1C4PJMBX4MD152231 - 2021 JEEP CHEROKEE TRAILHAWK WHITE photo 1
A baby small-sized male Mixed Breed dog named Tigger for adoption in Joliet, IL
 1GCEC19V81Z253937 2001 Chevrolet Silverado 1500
•••••
__WHAT THIS TASK INVOLVES__. A word-for-word transcription of the material is required.

__SOLUTION TO THIS PROBLEM__.
1C4PJMBX4MD152231 - 2021 JEEP CHEROKEE TRAILHAWK WHITE photo 1
A baby small-sized male Mixed Breed dog named Tigger for adoption in Joliet, IL
 1GCEC19V81Z253937 2001 Chevrolet Silverado 1500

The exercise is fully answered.